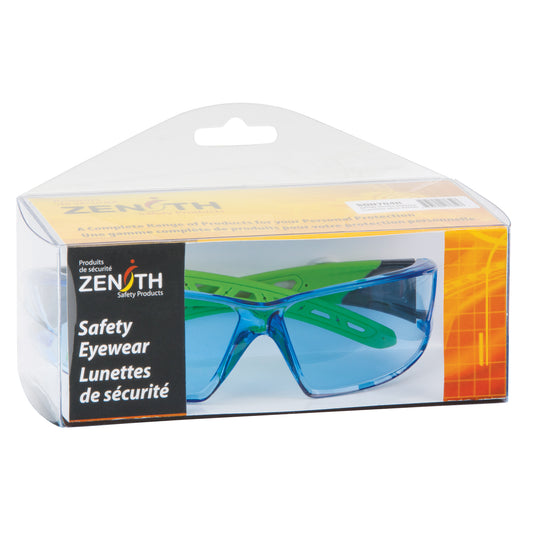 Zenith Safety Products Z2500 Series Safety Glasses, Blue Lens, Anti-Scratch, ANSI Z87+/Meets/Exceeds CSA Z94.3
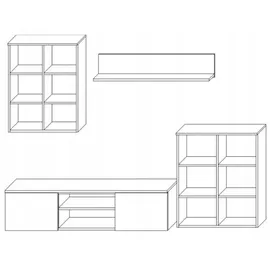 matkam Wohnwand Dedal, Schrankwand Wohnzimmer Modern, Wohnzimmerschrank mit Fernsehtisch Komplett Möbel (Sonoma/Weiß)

---

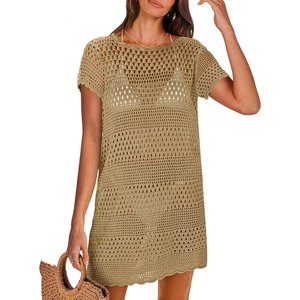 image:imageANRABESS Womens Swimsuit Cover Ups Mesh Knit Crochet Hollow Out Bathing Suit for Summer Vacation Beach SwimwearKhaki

==

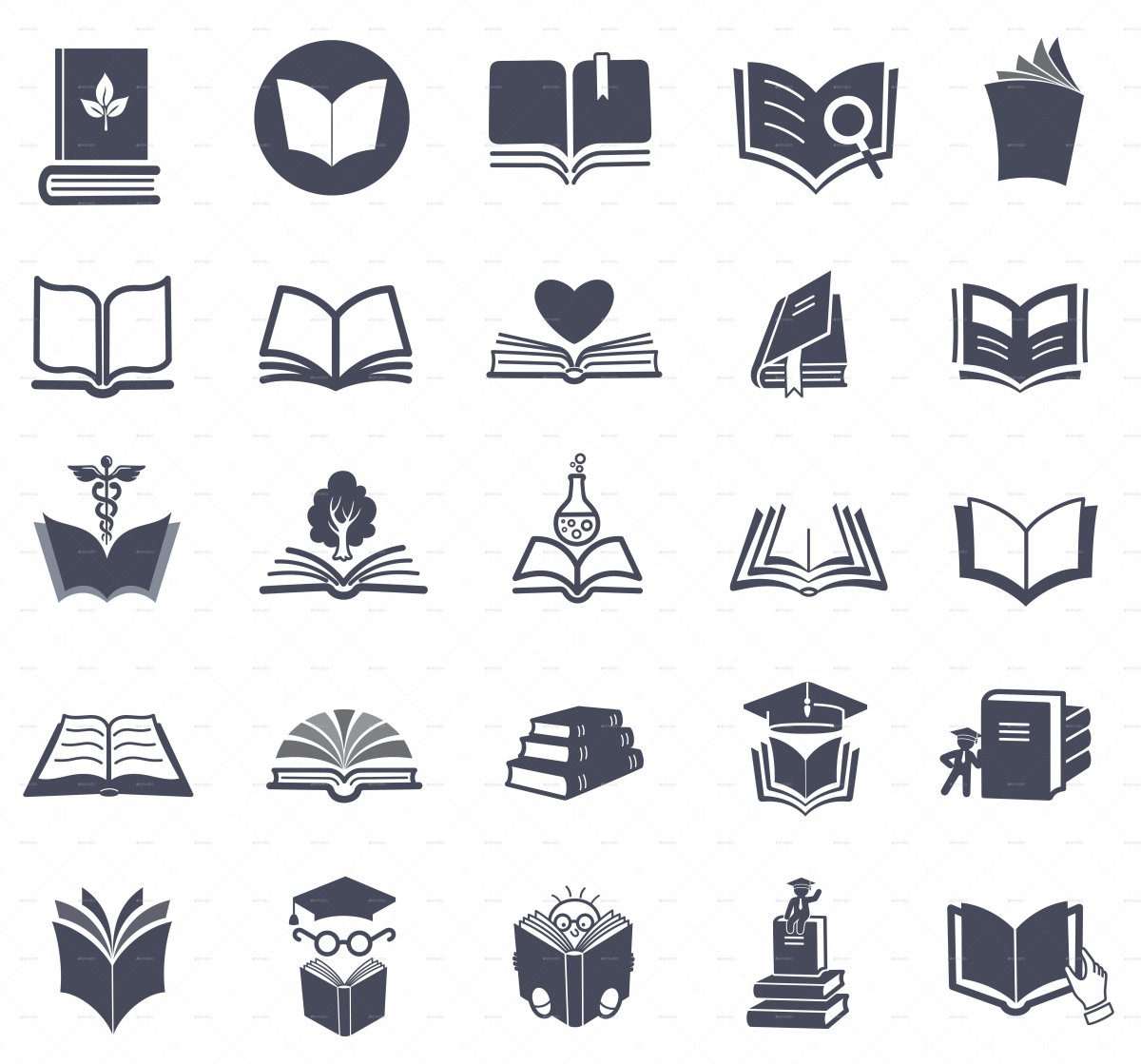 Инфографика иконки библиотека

#### Work order:
In the data above, start at the line holding "Zenith Safety Products" and stop after the line holding "matkam Wohnwand Dedal, Schrankwand"; write out those lines exactly, without pictures.

#### Result below:
 Zenith Safety Products Z2500 Series Safety Glasses, Blue Lens, Anti-Scratch, ANSI Z87+/Meets/Exceeds CSA Z94.3
 matkam Wohnwand Dedal, Schrankwand Wohnzimmer Modern, Wohnzimmerschrank mit Fernsehtisch Komplett Möbel (Sonoma/Weiß)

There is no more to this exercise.